**Task objective:** All entries below are to be written out again exactly, but no picture is to be copied.

**Provided data:**

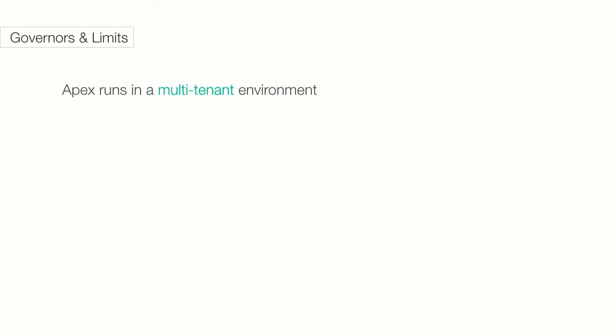Because APEX runs in a multi-tenant environment, the APEX runtime engine strictly enforces limits to ensure that runaway APEX code or processes do not monopolize shared resources.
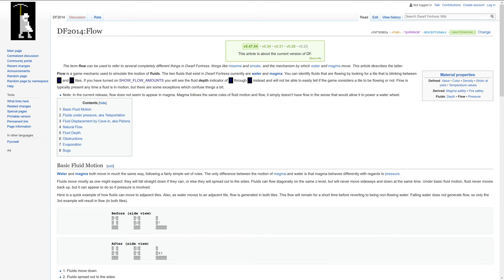Hello and welcome to the Dwarf Fortress Wiki. I'm TwistedLogic and this episode is going to be about the movement of fluids and main game loop of Dwarf Fortress. If you enjoyed this episode, hit the thumbs up, let me know what you think in the comments, and subscribe for more videos.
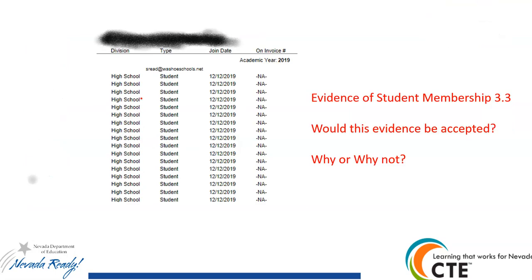Here's an example of evidence — hopefully you look at this and ask, what's missing? Why couldn't they use this evidence? Well, they've got the date and the school, but it doesn't say what the CTSO is — that's a problem. It also doesn't have any programs listed, so I can't tell which students are yours and which programs that list goes to. Many CTSOs are split up based on multiple programs. That's an example of evidence that would need to be revised.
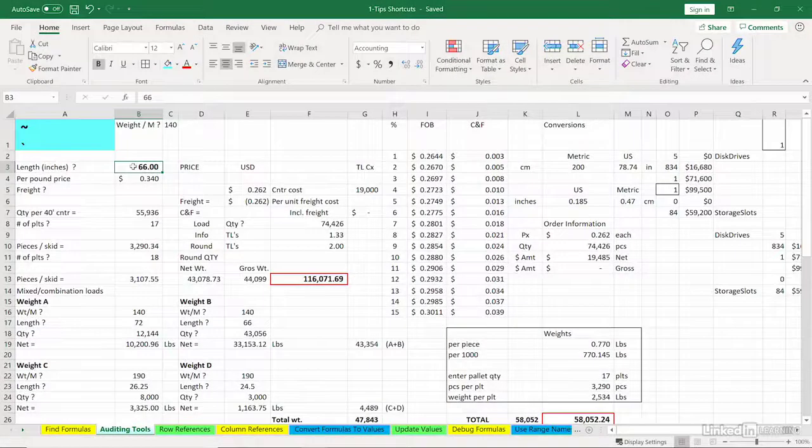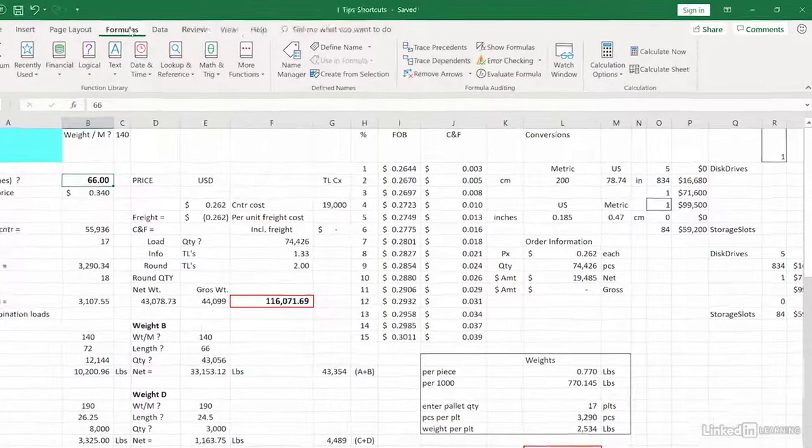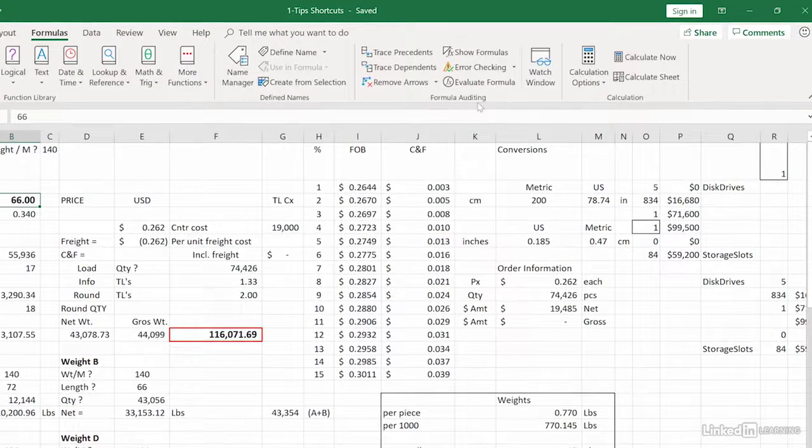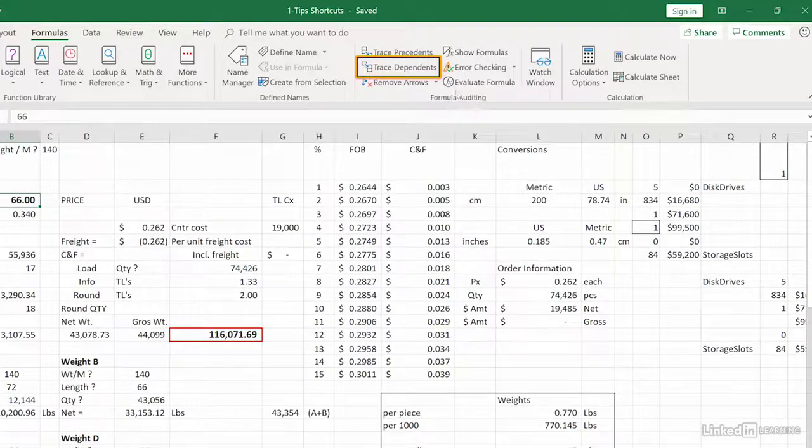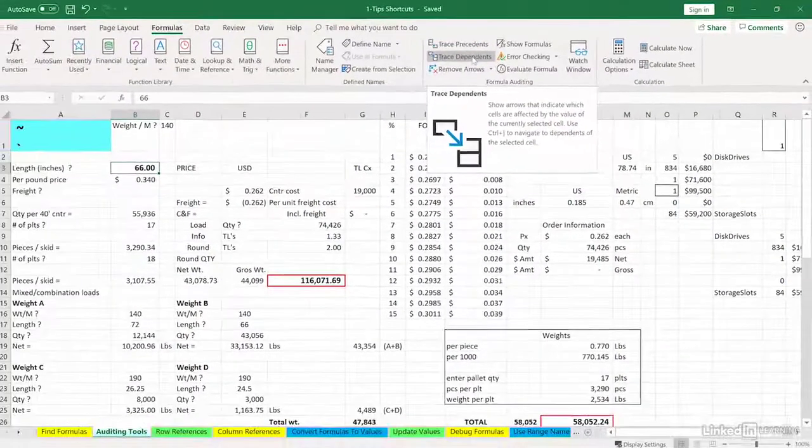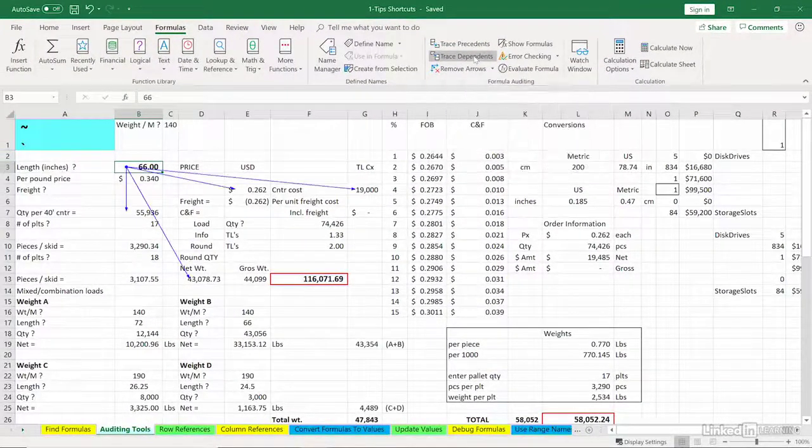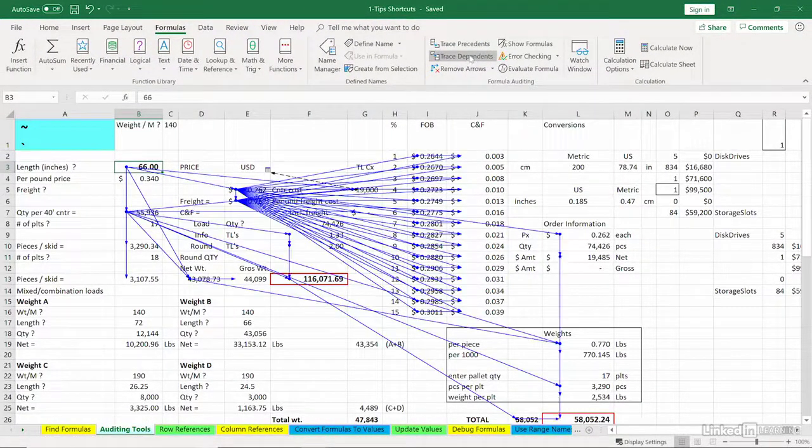For many Excel users, the most important thing they do in Excel is work with formulas and functions. If you really want to take advantage of Excel's power, you need exposure to these features.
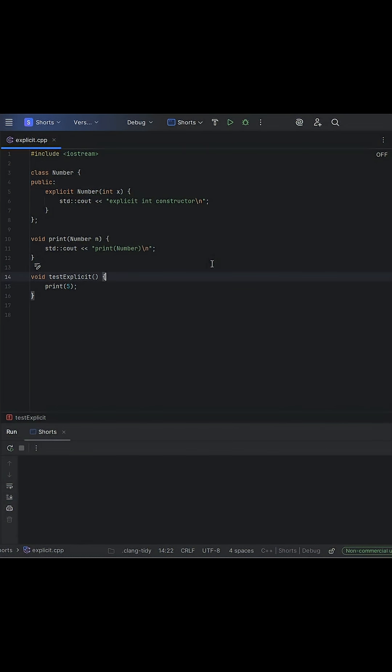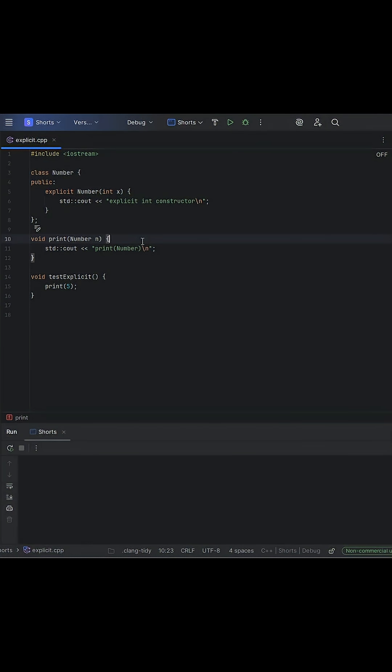That's why C++ gives you the explicit keyword, to stop conversions you didn't mean to allow. Take a look at this code snippet and think about what happens when we try to build this and when we try to run it.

**Answer section:**
Because APEX runs in a multi-tenant environment, the APEX runtime engine strictly enforces limits to ensure that runaway APEX code or processes do not monopolize shared resources.
Hello and welcome to the Dwarf Fortress Wiki. I'm TwistedLogic and this episode is going to be about the movement of fluids and main game loop of Dwarf Fortress. If you enjoyed this episode, hit the thumbs up, let me know what you think in the comments, and subscribe for more videos.
Here's an example of evidence — hopefully you look at this and ask, what's missing? Why couldn't they use this evidence? Well, they've got the date and the school, but it doesn't say what the CTSO is — that's a problem. It also doesn't have any programs listed, so I can't tell which students are yours and which programs that list goes to. Many CTSOs are split up based on multiple programs. That's an example of evidence that would need to be revised.
For many Excel users, the most important thing they do in Excel is work with formulas and functions. If you really want to take advantage of Excel's power, you need exposure to these features.
That's why C++ gives you the explicit keyword, to stop conversions you didn't mean to allow. Take a look at this code snippet and think about what happens when we try to build this and when we try to run it.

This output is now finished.